The Time When Sony Music Used Instagram Proxy API and Got Banned
Last couple of hours have been crazy and I am not even kidding! This is a worthy first post of 2018.
I hope you found my Instagram Proxy API project interesting. In a nutshell, it let's you access Instagram's public data programatically as a JSON CORS compliant API. However, this project started gaining traction after Instagram disabled access to it's public data. I implemented a workaround which works pretty stable and you can find more about it on the the github project page.

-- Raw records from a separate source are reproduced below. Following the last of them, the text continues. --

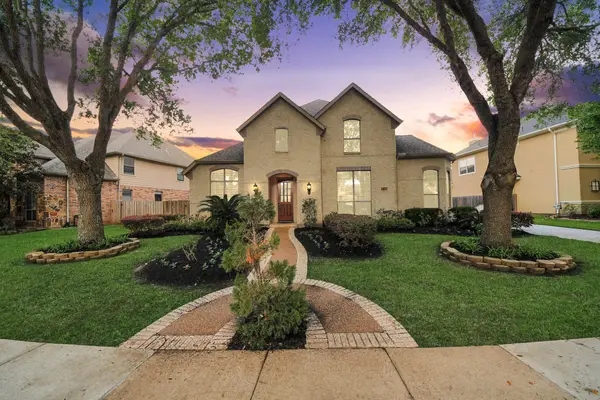 1807 Ravenel Lane, Sugar Land, TX 77479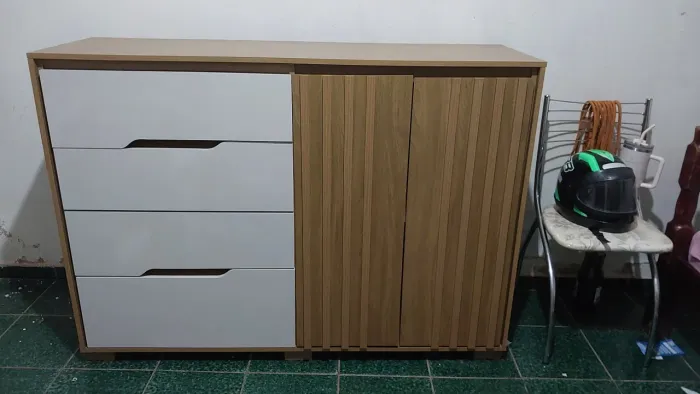 Cômoda com um ano de uso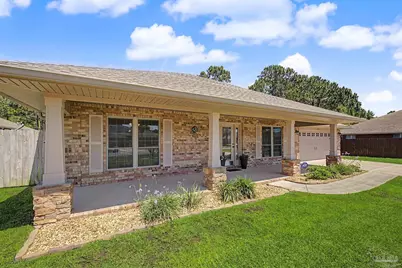1792 Twin Pine Blvd, Gulf Breeze, FL 32563 - Photo 2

This post is not about how this API works, but the unusual amount of traffic, especially scraping requests I have been getting. Getting around most of the scraping requests was easy. I used the rate-limiter from cloudflare and then allowed access based on HTTP Referrer to make sure I was getting requests from actual websites. This is not fool-proof, but it kinda works. The real pain in the butt has been the commercial for-profit websites trying to use the public endpoints hosted at igpi.ga and igpi.ga on their website. Since the API is running on a free heroku instance (I did not want to pay to run a free service) I clearly mentioned on the project page that this will only be allowed to run on personal websites, blogs and portfolios. However I added a one-click deploy button for whoever was interested in running this on their own heroku account for whatever purpose they like.
At first it was a little inconvientient, I would browse the logs once a day and send out email notice to potential violaters. 24 hours later, would blacklist their websites from referring requests to my service. Then I lost interest in reading logs for a couple of weeks as I got busy with life. Yesterday I was curious to see how was everything working and I just scanned through the logs only to realize that the numbers were through the roof. I was getting requests from a couple of websites, rather frequently.
Three of these websites appeared frequently, ace-tee.com, selig.eu and danyiom.com, the first looked like a personal page of a music artist. Then I noticed that she was doing concerts and had like thousands of instagram followers. I kept scrolling down only to discover "Copyright © 2018, sonymusic.de, Sony Music Corporation.". At first, I was elated that a big company relied on my service for images, then I looked at the second website and found a similar thing, "Copyright © 2018, sonymusic.de, Sony Music Corporation." and again. I was overwhelmed, feeling happy and sad at the same time.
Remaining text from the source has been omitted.